Victoria had ascended the throne, but she had never yet worn the English crown, for though a young girl may become a queen in a moment, a coronation is a different matter. "The King is dead, and therefore Victoria is Queen," declared the Council, and she was Queen; but the preparations for a coronation require more time than does the writing of an address of loyalty, and it was a whole year before these preparations were completed. It was not an easy task to decide just what ceremonies should be observed. One matter to be seriously deliberated upon was whether the left cheek of the young girl should be forced to endure six hundred kisses of state from the six hundred nobles and bishops. There was not even a crown suited to the occasion, for the old one weighed seven pounds, and the most devoted admirers of the ancient usages could not ask that the "little Queen" should carry that load on her head. After many lengthy consultations, these momentous questions were decided. The tradesmen were assured that there would be enough ceremony to bring about large sales, the peers and bishops were told that they would not be allowed to kiss the pink cheek of the Queen, and the crown jewelers were bidden to set to work on a new crown that should weigh only half as much as the old one.

The day came at last, June 28, 1838. London evidently meant to make the most of it, and as soon as the eager watchers saw the first glimpse of dawn, a salute of twenty-one cannon was fired. It was only a little after three o'clock, but the earliness of the hour made little difference to the thousands that had been up all night. Some had stayed up to be sure of securing a good place to see the procession, some because the services of the hairdressers were in such demand that, when a head was once in order, no risk of disarrangement could be ventured upon, and some had been kept awake by pure excitement and nervousness. There was no sleeping after daylight for anyone, for those who were far enough from the Tower to drowse through the firing of cannon were aroused by the ringing of bells which followed, as every church tower rang out its merriest chimes. At five o'clock Westminster Abbey was opened, and this was none too early, for the people who were fortunate enough and rich enough to obtain tickets had long been thronging the entrance. These people in the Abbey had a long time to wait, for it was fully ten o'clock before the salute of twenty-one guns from the park gave the signal that the procession had started from Buckingham Palace.

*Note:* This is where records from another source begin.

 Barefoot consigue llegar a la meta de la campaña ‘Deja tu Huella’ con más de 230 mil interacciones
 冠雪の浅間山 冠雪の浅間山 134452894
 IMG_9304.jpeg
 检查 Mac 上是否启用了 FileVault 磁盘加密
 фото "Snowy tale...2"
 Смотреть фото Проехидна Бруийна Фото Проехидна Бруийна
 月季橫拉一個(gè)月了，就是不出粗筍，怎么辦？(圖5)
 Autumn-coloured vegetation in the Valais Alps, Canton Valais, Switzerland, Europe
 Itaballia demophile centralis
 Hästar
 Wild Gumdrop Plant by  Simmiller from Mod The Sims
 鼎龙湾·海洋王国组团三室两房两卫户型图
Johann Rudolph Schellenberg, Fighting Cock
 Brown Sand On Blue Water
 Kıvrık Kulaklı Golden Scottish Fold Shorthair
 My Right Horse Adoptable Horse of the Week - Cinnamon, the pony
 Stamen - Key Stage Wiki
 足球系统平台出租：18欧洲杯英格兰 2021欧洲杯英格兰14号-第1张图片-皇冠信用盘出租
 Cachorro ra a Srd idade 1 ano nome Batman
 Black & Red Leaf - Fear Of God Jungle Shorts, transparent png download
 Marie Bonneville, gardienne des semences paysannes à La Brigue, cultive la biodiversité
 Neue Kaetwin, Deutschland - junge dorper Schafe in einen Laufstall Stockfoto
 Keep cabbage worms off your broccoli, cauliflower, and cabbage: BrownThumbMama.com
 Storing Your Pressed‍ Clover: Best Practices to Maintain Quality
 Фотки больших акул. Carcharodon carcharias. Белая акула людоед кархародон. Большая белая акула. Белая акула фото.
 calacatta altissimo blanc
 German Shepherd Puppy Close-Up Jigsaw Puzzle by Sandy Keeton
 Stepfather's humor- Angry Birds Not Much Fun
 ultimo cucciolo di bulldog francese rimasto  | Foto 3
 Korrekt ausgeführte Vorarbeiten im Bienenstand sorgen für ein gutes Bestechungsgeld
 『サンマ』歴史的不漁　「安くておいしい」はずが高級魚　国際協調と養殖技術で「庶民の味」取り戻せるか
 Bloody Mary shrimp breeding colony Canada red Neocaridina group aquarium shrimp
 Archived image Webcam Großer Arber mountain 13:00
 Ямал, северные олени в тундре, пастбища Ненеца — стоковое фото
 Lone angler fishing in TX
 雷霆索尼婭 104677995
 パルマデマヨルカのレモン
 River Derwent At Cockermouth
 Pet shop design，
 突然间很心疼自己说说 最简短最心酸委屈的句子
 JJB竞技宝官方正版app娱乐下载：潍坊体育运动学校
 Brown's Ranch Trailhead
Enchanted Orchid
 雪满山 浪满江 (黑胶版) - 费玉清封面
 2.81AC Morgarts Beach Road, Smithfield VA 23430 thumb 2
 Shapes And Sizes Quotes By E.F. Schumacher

Such a procession as it was! First came the trumpeters, then the Life Guards, bands, foreign ambassadors in most gorgeous carriages, more Life Guards, the carriage of the Duchess of Kent, the Duke of Sussex, and others of the royal family, the officers of the royal household, and the Yeomen of the Guard. Then all the thousands along the way were agape, for the eight cream-colored horses were seen drawing the chariot of state, wherein sat the pretty little maiden who was the center and cause of all this magnificence. A circlet of diamonds was on her head. She wore a dress of gold tissue, and a mantle of crimson velvet trimmed with gold lace and lined with ermine. Pearls and diamonds gleamed and flashed at every motion. With her rode the Mistress of the Robes and the Master of the Horse. A body of cavalry followed her.